> _Work instructions_: Your task is to reproduce, exactly and only, the lines running from the line containing "this 658×438 image." to the end of the data below, both included.

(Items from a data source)
------------------------------------------------------------------------

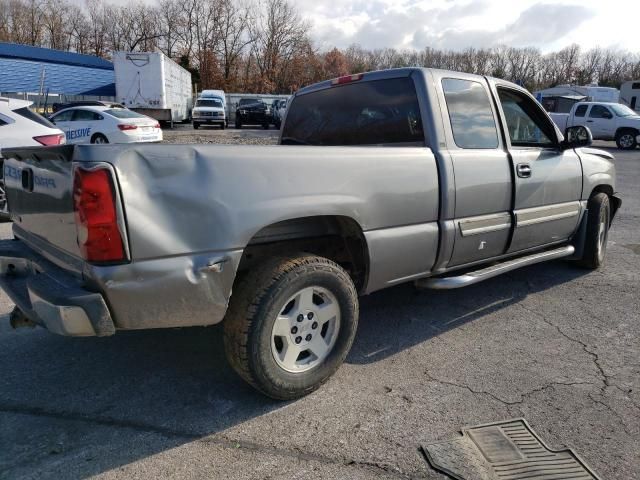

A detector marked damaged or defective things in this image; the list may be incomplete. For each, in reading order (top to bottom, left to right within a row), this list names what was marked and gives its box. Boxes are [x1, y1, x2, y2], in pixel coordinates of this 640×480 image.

cracked asphalt [0, 140, 636, 480]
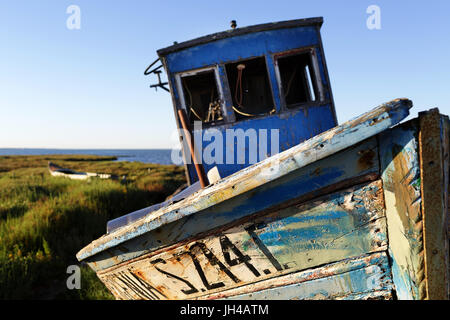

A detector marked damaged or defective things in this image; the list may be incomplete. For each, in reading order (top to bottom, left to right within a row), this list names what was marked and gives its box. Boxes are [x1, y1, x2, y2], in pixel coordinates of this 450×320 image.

broken window [180, 69, 224, 125]
broken window [225, 57, 274, 120]
broken window [276, 51, 322, 109]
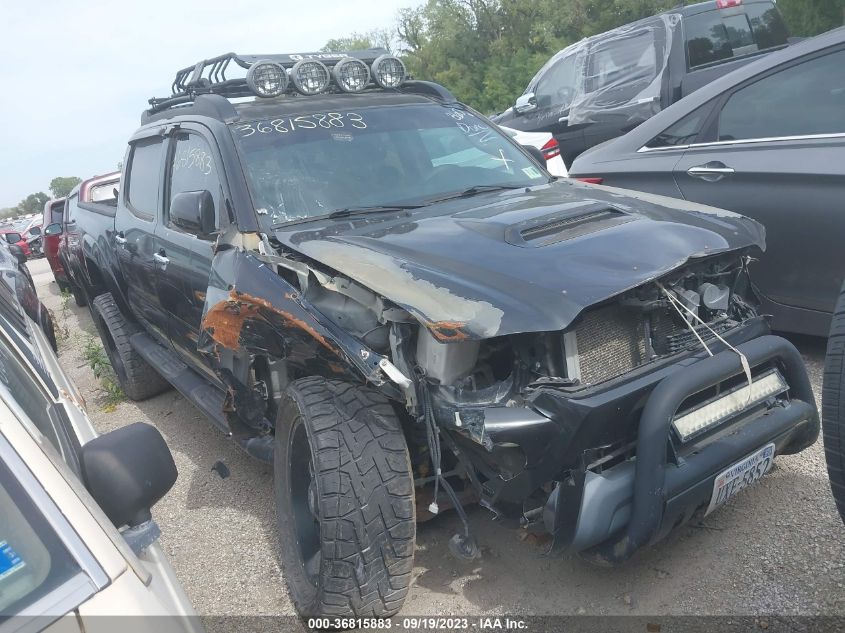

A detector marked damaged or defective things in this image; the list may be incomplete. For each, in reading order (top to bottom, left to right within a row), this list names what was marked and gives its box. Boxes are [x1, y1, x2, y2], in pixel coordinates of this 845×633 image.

rust damage [201, 288, 336, 354]
severe front damage [190, 177, 816, 556]
crumpled hood [276, 180, 764, 338]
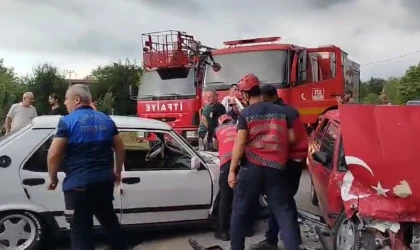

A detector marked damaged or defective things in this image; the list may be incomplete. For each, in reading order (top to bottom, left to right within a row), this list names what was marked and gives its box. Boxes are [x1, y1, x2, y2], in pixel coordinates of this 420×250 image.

broken windshield [139, 69, 196, 100]
broken windshield [204, 50, 288, 90]
crashed vehicle [0, 115, 268, 250]
crashed vehicle [308, 104, 420, 249]
damaged red car [308, 104, 420, 249]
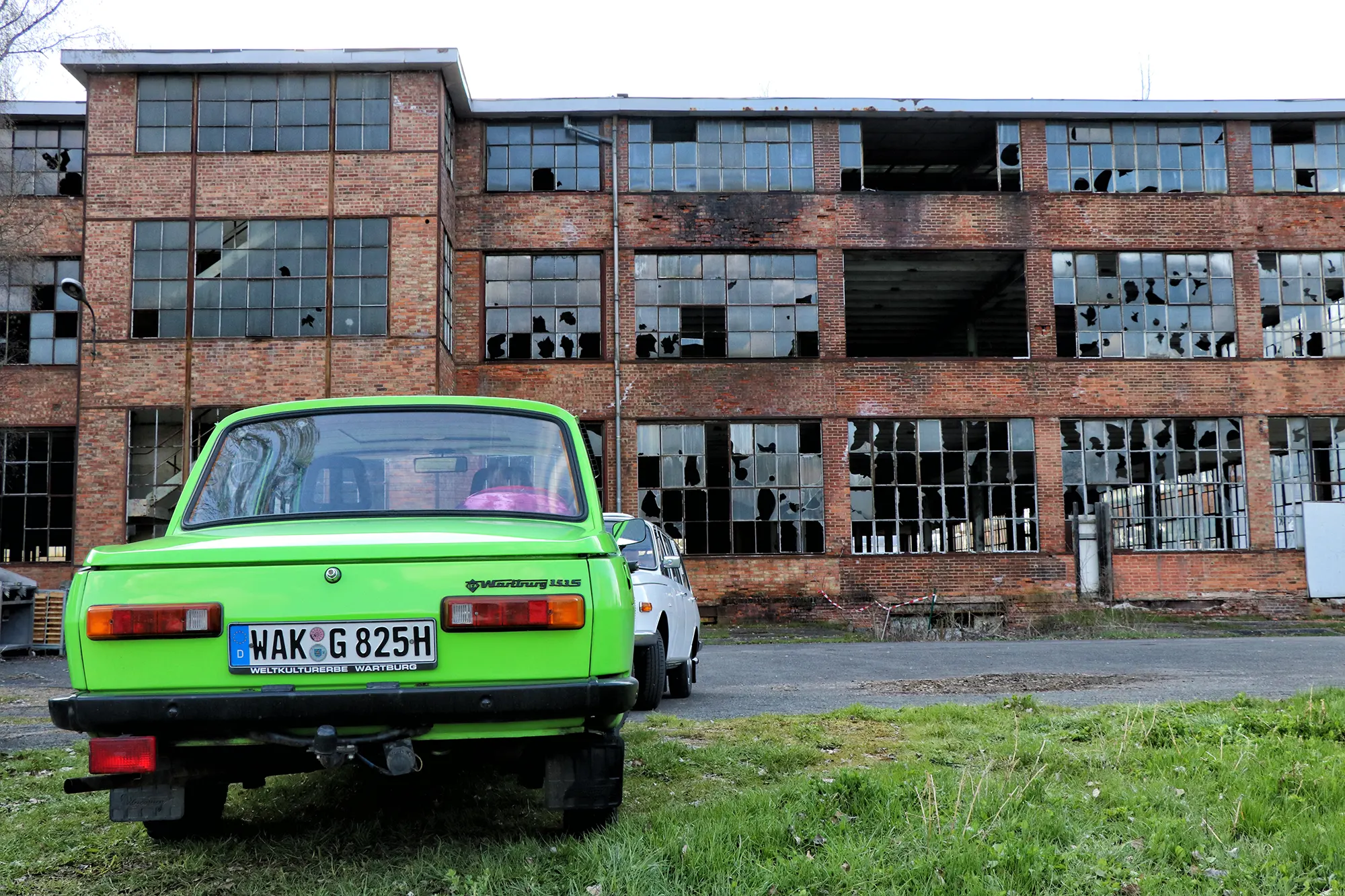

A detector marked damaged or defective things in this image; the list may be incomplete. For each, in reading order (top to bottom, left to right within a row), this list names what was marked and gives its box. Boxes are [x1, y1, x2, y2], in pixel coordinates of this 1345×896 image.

broken window [2, 122, 83, 195]
broken window [137, 75, 194, 153]
broken window [196, 73, 330, 153]
broken window [335, 73, 393, 151]
broken window [487, 121, 603, 194]
broken window [624, 119, 812, 191]
broken window [839, 118, 1017, 192]
broken window [1038, 122, 1232, 194]
broken window [1248, 122, 1345, 194]
broken window [0, 255, 80, 366]
broken window [130, 223, 191, 339]
broken window [194, 219, 330, 339]
broken window [335, 218, 393, 336]
broken window [449, 230, 460, 352]
broken window [487, 254, 603, 360]
broken window [632, 253, 818, 358]
broken window [845, 251, 1022, 355]
broken window [1054, 251, 1232, 360]
broken window [1259, 251, 1345, 355]
broken window [0, 430, 74, 565]
broken window [127, 411, 238, 543]
broken window [578, 422, 605, 508]
broken window [635, 422, 823, 554]
broken window [850, 419, 1038, 554]
broken window [1060, 417, 1248, 551]
broken window [1270, 417, 1345, 551]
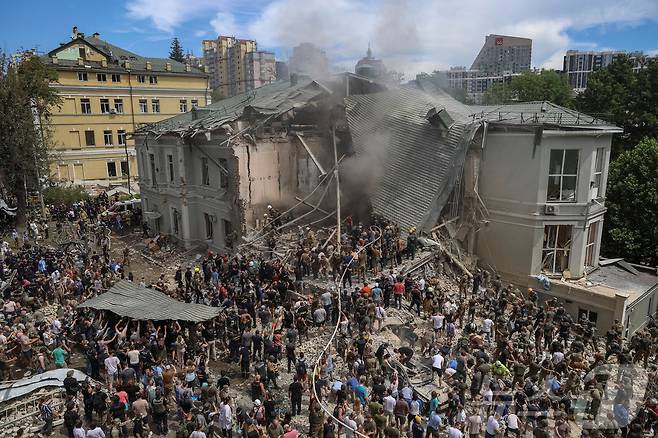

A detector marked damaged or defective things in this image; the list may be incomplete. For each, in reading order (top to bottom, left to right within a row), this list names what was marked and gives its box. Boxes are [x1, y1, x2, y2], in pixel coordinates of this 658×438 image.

damaged roof [142, 78, 328, 137]
damaged roof [344, 87, 476, 234]
broken window [544, 148, 576, 201]
broken window [588, 148, 604, 199]
broken window [540, 226, 572, 274]
broken window [584, 222, 600, 266]
damaged roof [79, 280, 218, 322]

------------------------------------------------------------------------

> _Answer to the problem_:
A detector marked damaged or defective things in this image; the list may be incomplete. For each, in reading order (top to bottom, left to right within a row), this list names what was marked and gives its box. Boxes are [x1, y1, x2, y2], in pixel coordinates of this 658×438 image.

damaged roof [142, 78, 328, 137]
damaged roof [344, 87, 476, 234]
broken window [544, 148, 576, 201]
broken window [588, 148, 604, 199]
broken window [540, 226, 572, 274]
broken window [584, 222, 600, 266]
damaged roof [79, 280, 218, 322]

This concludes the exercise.